On the go: Managing climate change is now “business as usual” for pension funds, while other factors surrounding political instability have diminished in importance, Tim Manuel, co-head of responsible investment at Aon, told the Pensions and Lifetime Savings Association’s annual conference.

During a discussion on Wednesday about accelerating action on climate change, Manuel said that findings from Aon’s 2021 Global Responsible Investing Survey, due to be released in October, revealed an across-the-board rise in climate awareness, but “complex global issues” are also permeating schemes’ decision-making processes.

He said an increased sentiment around member engagement was a leading cause as to why schemes were investing responsibly, with 40 per cent of UK pension plans identifying it as a leading driver of their sustainable policies — almost twice the rate as seen in 2019’s report.

Manuel said that this finding “struck a chord” with him, as it revealed an “important move forward in sentiment”, and an “acknowledgement of the ultimate ownership that trustees have for all decisions, but also the power that trustees have to instigate change”.

“Sentiment translates into more clear intentions, and increasingly actions,” he added.

The data also revealed a rise in the number of schemes that see responsible investing as a tool that will lead to better risk-adjusted returns (65 per cent), and that their investment decisions will make a positive social or environmental impact (44 per cent).

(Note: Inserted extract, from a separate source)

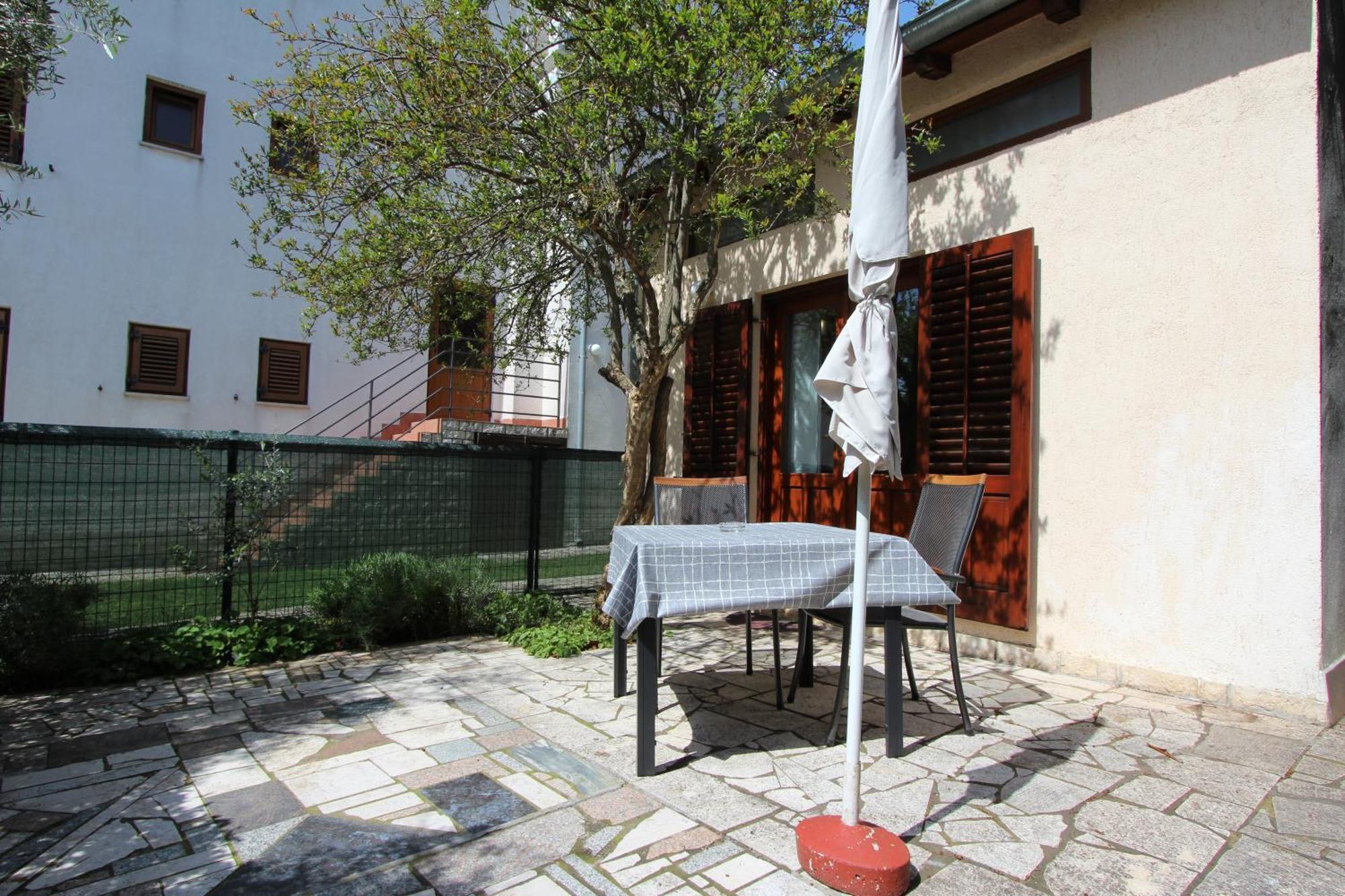 Apartments Adria Rovinj Eksteriør billede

Of the 96 defined benefit and 25 defined contribution plans, Manuel noted that 20 per cent of them have already committed to a net-zero future, while a further 50 per cent had not made a commitment but were planning on doing so. The remaining respondents said they do not intend on making a net-zero pledge.

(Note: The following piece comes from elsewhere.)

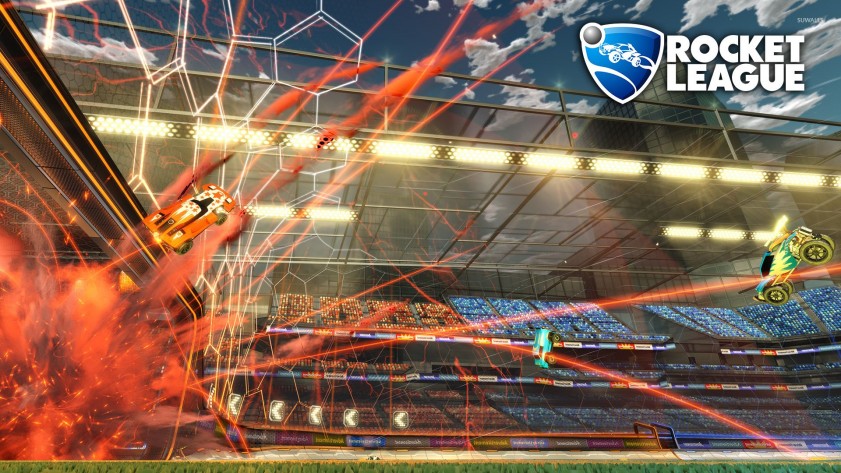 Rocket League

He said that the UK pensions industry could be in a position where more than two-thirds of schemes have committed to net-zero goals. “That would really transform the way our industry approaches our role in the transition,” he added.

Other concerns, including protectionism and nationalism, have “diminished substantially relative to 2019”, on the back of a changing political backdrop, but are still important factors for trustees to consider, he noted, adding he was surprised that health crises did not rank more highly.

And while the initial findings from the report indicate positive progress, Tegs Harding, director at Independent Trustee Services, and trustee director at Atos UK 2019 Pension Scheme, said it is important that trustees can vet fund managers on their sustainable commitments and net-zero pledges.

“Absolutely everybody will tell you that they do fantastic work in this area, and seeing through that can be quite hard,” she said.

She added that trustees should use their own data and metrics to interrogate information provided by fund managers, and doing so will be a “huge help” in being able to see through marketing materials.

“Rather than passively receive a presentation from a manager, actively interrogate them with the information that you want to see,” Harding said. She added that scrutinising net-zero commitments will become an increasing “obligation” for trustees on the back of greater regulation and member demand for accountability.

Trustees are “definitely going to have to find a governance model that works”, and which will allow them “to then find time to do this sort of activity”, she said.